Recent advancements in deep learning have significantly improved medical image segmentation. However, the generalization performance and potential risks of data-driven models remain insufficiently validated. Specifically, unrealistic segmentation predictions deviating from actual anatomical structures, known as a Seg-Hallucination, often occur in deep learning-based models. The Seg-Hallucinations can result in erroneous quantitative analyses and distort critical imaging biomarker information, yet effective audits or corrections to address these issues are rare. Therefore, we propose an automated Seg-Hallucination surveillance and correction (ASHSC) algorithm utilizing only 3D organ mask information derived from CT images without reliance on the ground truth. Two publicly available datasets were used in developing the ASHSC algorithm: 280 CT scans from the TotalSegmentator dataset for training and 274 CT scans from the Cancer Imaging Archive (TCIA) dataset for performance evaluation. The ASHSC algorithm utilizes a two-stage on-demand strategy with mesh-based convolutional neural networks and generative artificial intelligence. The segmentation quality level (SQ-level)-based surveillance stage was evaluated using the area under the receiver operating curve, sensitivity, specificity, and positive predictive value. The on-demand correction performance of the algorithm was assessed using similarity metrics: volumetric Dice score, volume error percentage, average surface distance, and Hausdorff distance. Average performance of the surveillance stage resulted in an AUROC of 0.94 ± 0.01, sensitivity of 0.82 ± 0.03, specificity of 0.90 ± 0.01, and PPV of 0.92 ± 0.01 for test dataset. After the on-demand refinement of the correction stage, all the four similarity metrics were improved compared to a single use of the AI-segmentation model. This study not only enhances the efficiency and reliability of handling the Seg-Hallucination but also eliminates the reliance on ground truth. The ASHSC algorithm offers intuitive 3D guidance for uncertainty regions, while maintaining manageable computational complexity. The SQ-level-based on-demand correction strategy adaptively minimizes uncertainties inherent in deep-learning-based organ masks and advances automated auditing and correction methodologies.

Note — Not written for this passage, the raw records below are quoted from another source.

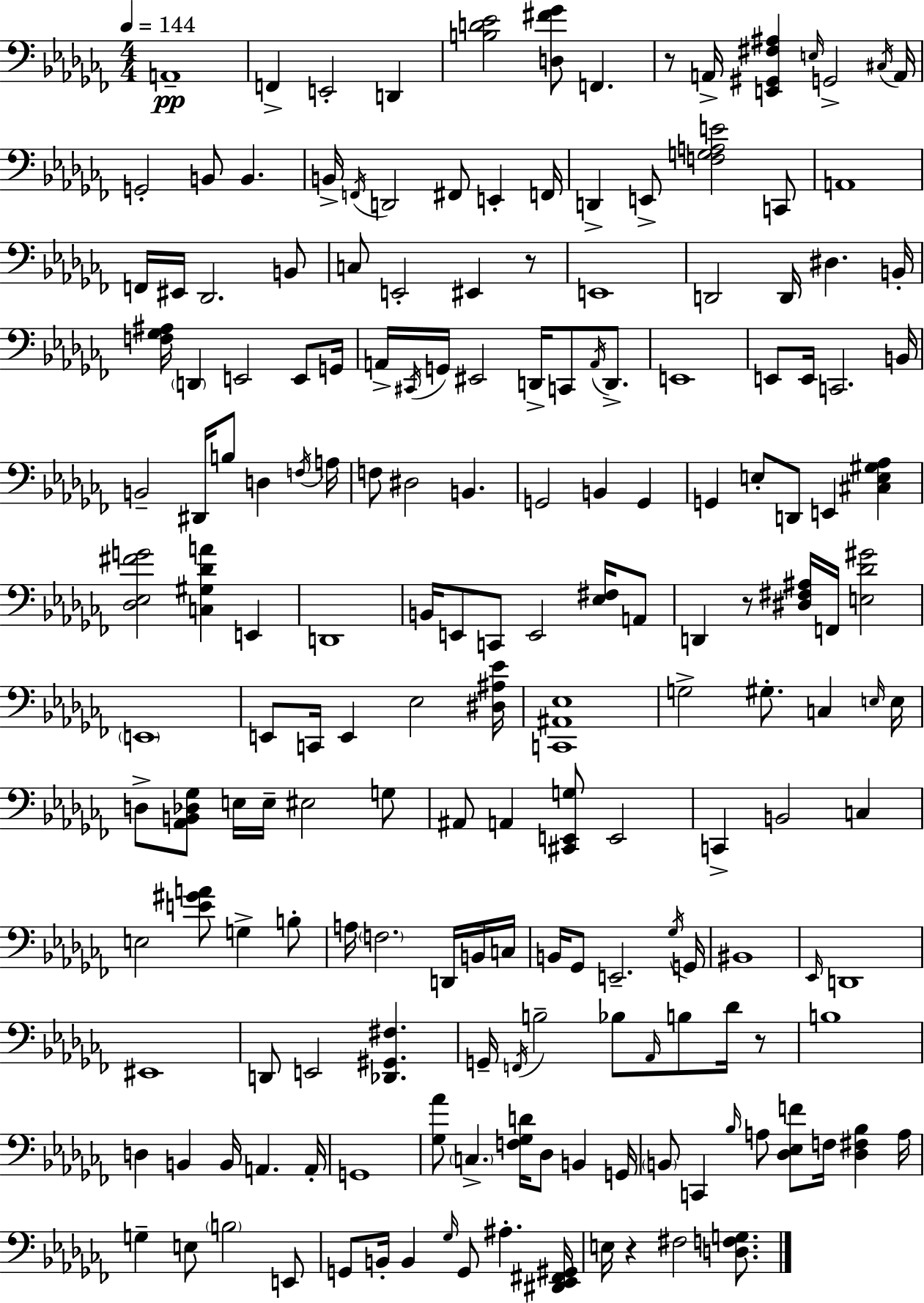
{
  \clef bass
  \numericTimeSignature
  \time 4/4
  \key aes \minor
  \tempo 4 = 144
  a,1--\pp | f,4-> e,2-. d,4 | <b d' ees'>2 <d fis' ges'>8 f,4. | r8 a,16-> <e, gis, fis ais>4 \grace { e16 } g,2-> | \break \acciaccatura { cis16 } a,16 g,2-. b,8 b,4. | b,16-> \acciaccatura { f,16 } d,2 fis,8 e,4-. | f,16 d,4-> e,8-> <f g a e'>2 | c,8 a,1 | \break f,16 eis,16 des,2. | b,8 c8 e,2-. eis,4 | r8 e,1 | d,2 d,16 dis4. | \break b,16-. <f ges ais>16 \parenthesize d,4 e,2 | e,8 g,16 a,16-> \acciaccatura { cis,16 } g,16 eis,2 d,16-> c,8 | \acciaccatura { a,16 } d,8.-> e,1 | e,8 e,16 c,2. | \break b,16 b,2-- dis,16 b8 | d4 \acciaccatura { f16 } a16 f8 dis2 | b,4. g,2 b,4 | g,4 g,4 e8-. d,8 e,4 | \break <cis e gis aes>4 <des ees fis' g'>2 <c gis des' a'>4 | e,4 d,1 | b,16 e,8 c,8 e,2 | <ees fis>16 a,8 d,4 r8 <dis fis ais>16 f,16 <e des' gis'>2 | \break \parenthesize e,1 | e,8 c,16 e,4 ees2 | <dis ais ees'>16 <c, ais, ees>1 | g2-> gis8.-. | \break c4 \grace { e16 } e16 d8-> <aes, b, des ges>8 e16 e16-- eis2 | g8 ais,8 a,4 <cis, e, g>8 e,2 | c,4-> b,2 | c4 e2 <e' gis' a'>8 | \break g4-> b8-. a16 \parenthesize f2. | d,16 b,16 c16 b,16 ges,8 e,2.-- | \acciaccatura { ges16 } g,16 bis,1 | \grace { ees,16 } d,1 | \break eis,1 | d,8 e,2 | <des, gis, fis>4. g,16-- \acciaccatura { f,16 } b2-- | bes8 \grace { aes,16 } b8 des'16 r8 b1 | \break d4 b,4 | b,16 a,4. a,16-. g,1 | <ges aes'>8 \parenthesize c4.-> | <f ges d'>16 des8 b,4 g,16 \parenthesize b,8 c,4 | \break \grace { bes16 } a8 <des ees f'>8 f16 <des fis bes>4 a16 g4-- | e8 \parenthesize b2 e,8 g,8 b,16-. b,4 | \grace { ges16 } g,8 ais4.-. <dis, ees, fis, gis,>16 e16 r4 | fis2 <d f g>8. \bar "|."
}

深度学习的最新进展显著改善了医学图像分割。然而,数据驱动模型的泛化性能和潜在风险仍未得到充分验证。具体而言,在基于深度学习的模型中,经常会出现偏离实际解剖结构的不切实际的分割预测,即所谓的分割幻觉。分割幻觉可能导致错误的定量分析并扭曲关键的影像生物标志物信息,但针对这些问题的有效审核或纠正措施却很少见。因此,我们提出了一种自动分割幻觉监测与校正(ASHSC)算法,该算法仅利用从CT图像中获取的3D器官掩码信息,而不依赖于真实标注。在开发ASHSC算法时使用了两个公开可用的数据集:来自TotalSegmentator数据集的280例CT扫描用于训练,来自癌症影像存档(TCIA)数据集的274例CT扫描用于性能评估。ASHSC算法采用基于网格的卷积神经网络和生成式人工智能的两阶段按需策略。基于分割质量水平(SQ-level)的监测阶段使用受试者工作特征曲线下面积、灵敏度、特异性和阳性预测值进行评估。该算法的按需校正性能使用相似性指标进行评估:体积骰子分数、体积误差百分比、平均表面距离和豪斯多夫距离。监测阶段的平均性能在测试数据集上的受试者工作特征曲线下面积为0.94±0.01,灵敏度为0.82±0.03,特异性为0.90±0.01,阳性预测值为0.92±0.01。在校正阶段进行按需优化后,与单次使用人工智能分割模型相比,所有四个相似性指标均有所改善。本研究不仅提高了处理分割幻觉的效率和可靠性,还消除了对真实标注 的依赖。ASHSC算法为不确定区域提供直观的3D指导,同时保持可管理的计算复杂度。基于SQ-level的按需校正策略自适应地最小化基于深度学习的器官掩码中固有的不确定性,并推进自动审核和校正方法。